Diduga Akibat Perahu Pecah, Satu Nelayan Prigi Trenggalek ini Hilang

TRENGGALEK, KANALINDONESIA.COM: Nahas dialami Sarun (40), nelayan warga Dusun Karanggongso Desa Tasikmadu, Kecamatan Watulimo Trenggalek, Jawa Timur. Perahu yang ditumpanginya pecah dihantam ombak saat akan melaut mencari gurita di wilayah perairan Pantai Prigi Desa Tasikmadu Kecamatan Watulimo Kabupaten Trenggalek .

Hal itu dibenarkan Asnawi Suroso , Koordinator Pos Basarnas Trenggalek saat dikonfirmasi terkait adanya kejadian tersebut.

“Memang benar ada laporan ke kami mengenai musibah yang mengakibatkan 1 orang nelayan tenggelam di Perairan Prigi Desa Karanggandu Kecamatan siang tadi sekira pukul 12.00 Wib,” jelasnya,Senin (6/8/2018).

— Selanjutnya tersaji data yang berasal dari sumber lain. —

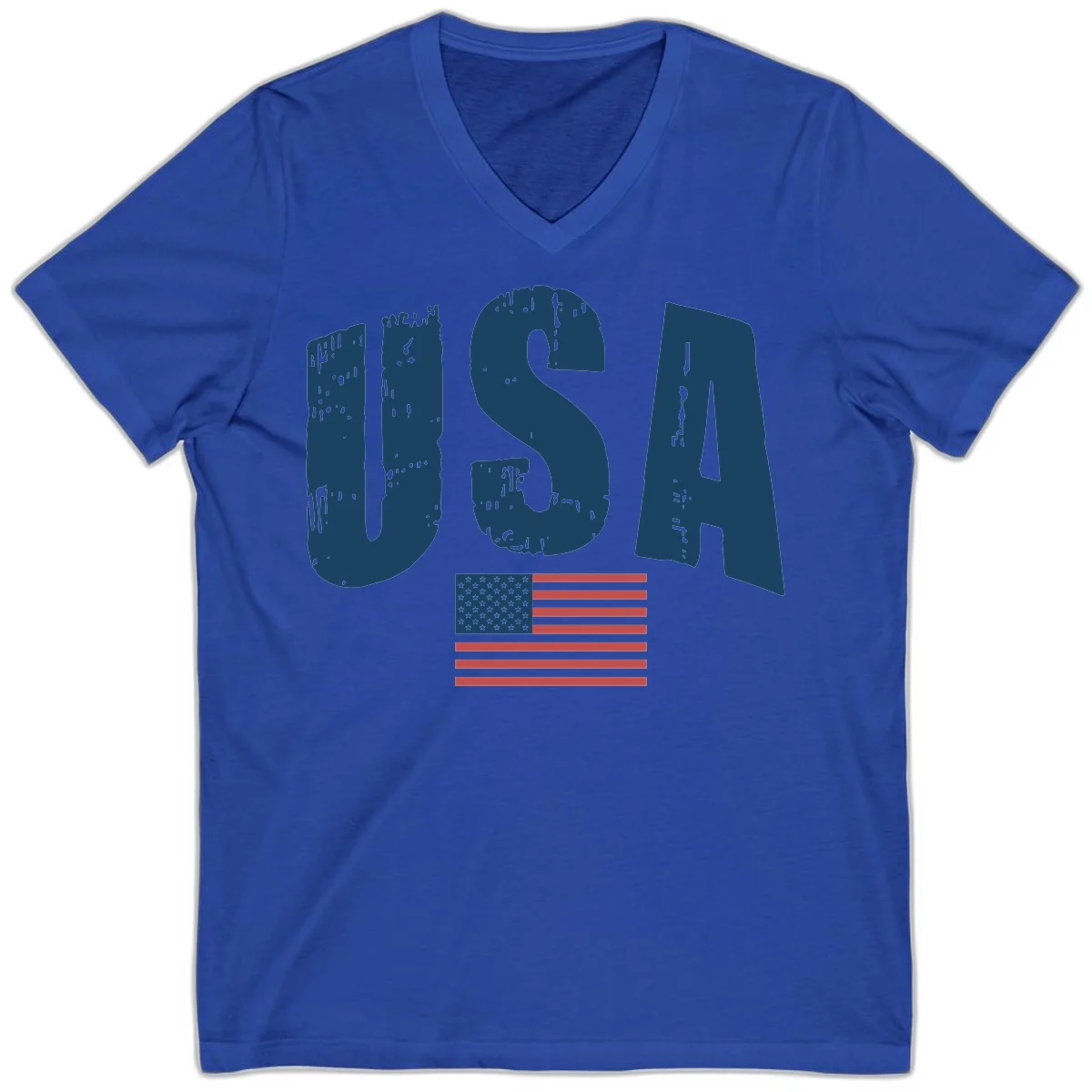USA Patriotic Flag Distressed V-Neck in True Royal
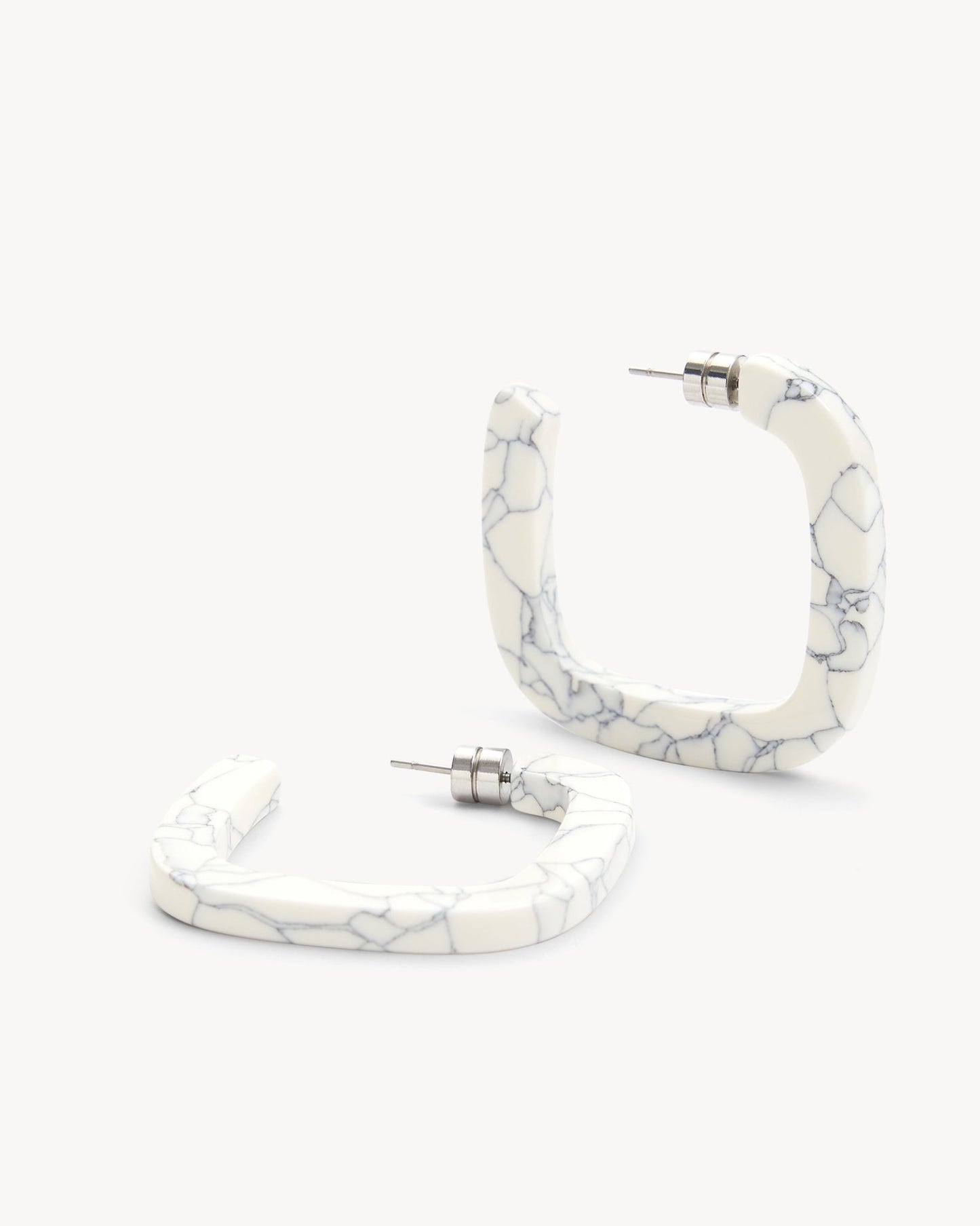 Midi Square Hoops in Marble - MACHETE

Asnawi menuturkan, bahwa korban bernama Sarun bersama sudaranya yang bernama Rifai berniat mencari gurita dengan menggunakan Kapal Motor (KM) Isabilla.

Baca:  Jenazah Terduga Teroris, Akan Dibawa ke Madiun ?

“Namun sesampainya dipantai wilayah Gunung Gelang, korban menggunakan perahu jenis kunting agar lebih mudah dalam mencari gurita sedangkan Rifai yang juga saksi tetap menunggu di KM Isabila,” imbuh Asnawi.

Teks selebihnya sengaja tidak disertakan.